[The History of England in Three Volumes, Vol.I., Part D. by David Hume]@TWC D-Link bookThe History of England in Three Volumes, Vol.I., Part D. CHAPTER XL 48/95
The young duke of Anjou, brother to the king, commanded the forces of the Catholics; and fought in 1569, a great battle at Jarnac with the Hugonots, where the prince of Conde was killed, and his army defeated.
This discomfiture, with the loss of so great a leader, reduced not the Hugonots to despair. The admiral still supported the cause; and having placed at the head of the Protestants the prince of Navarre, then sixteen years of age, and the young prince of Conde, he encouraged the party rather to perish bravely in the field, than ignominiously by the hands of the executioner.
He collected such numbers, so determined to endure every extremity, that he was enabled to make head against the duke of Anjou; and being strengthened by a new reenforcement of Germans, he obliged that prince to retreat and to divide his forces.

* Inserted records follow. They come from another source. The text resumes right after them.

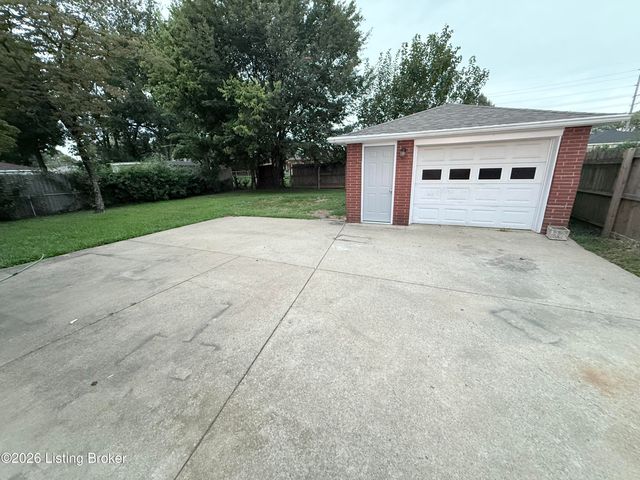 2323 Ecton Ln, Louisville, KY 40216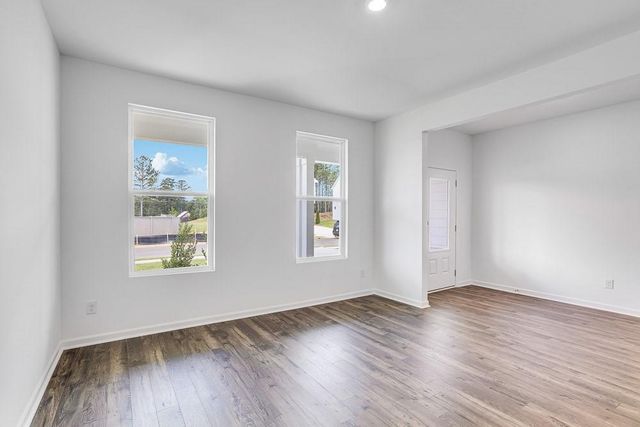 205 Groveton Court, Euharlee, GA 30145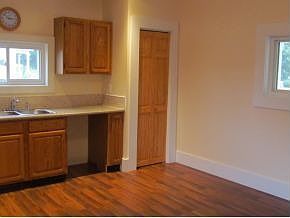 4th image of 56 Elm St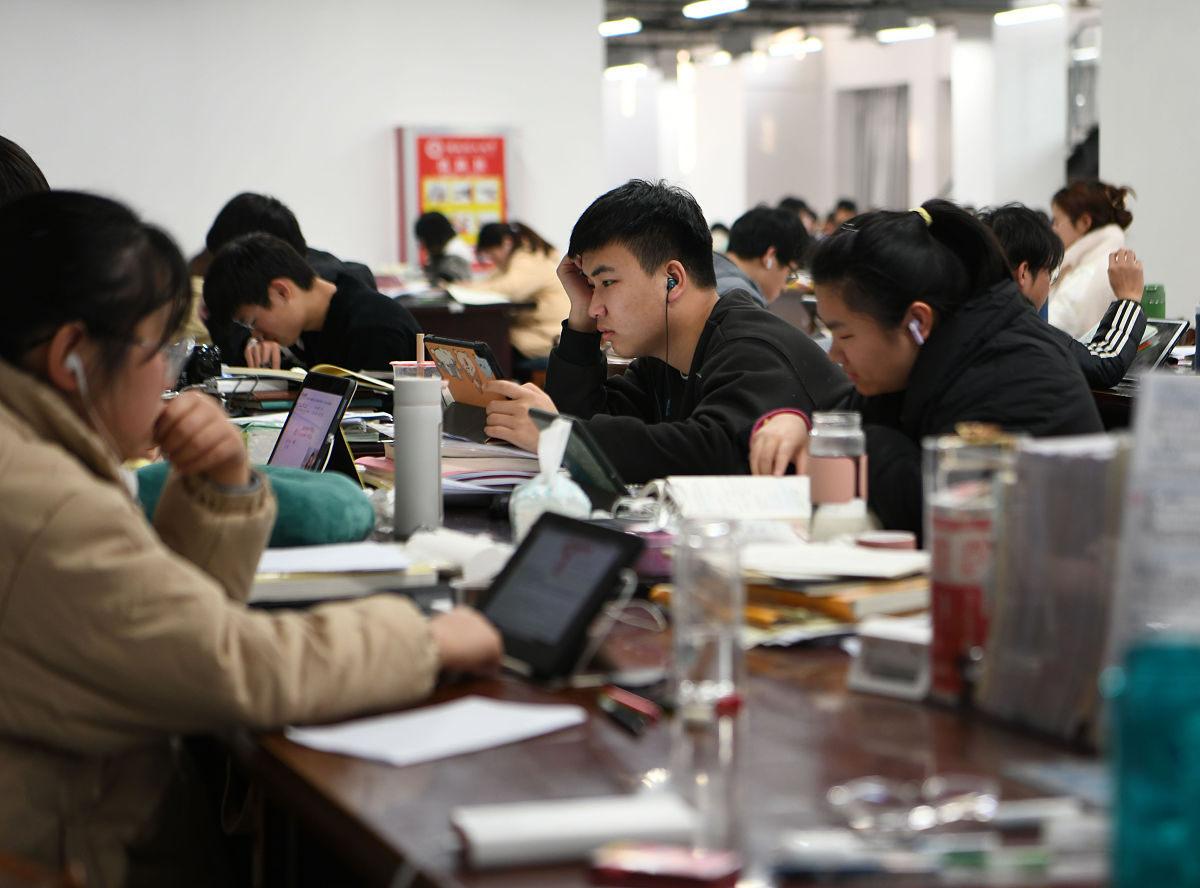 大学生活中的成长与启示：一位大学生的自传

Coligny then laid siege to Poietiers; and as the eyes of all France were fixed on this enterprise, the duke of Guise, emulous of the renown which his father had acquired by the defence of Metz, threw himself into the place, and so animated the garrison by his valor and conduct, that the admiral was obliged to raise the siege.
Such was the commencement of that unrivalled fame and grandeur afterwards attained by this duke of Guise.
The attachment which all the Catholics had borne to his father, was immediately transferred to the son; and men pleased themselves in comparing all the great and shining qualities which seemed, in a manner, hereditary in that family.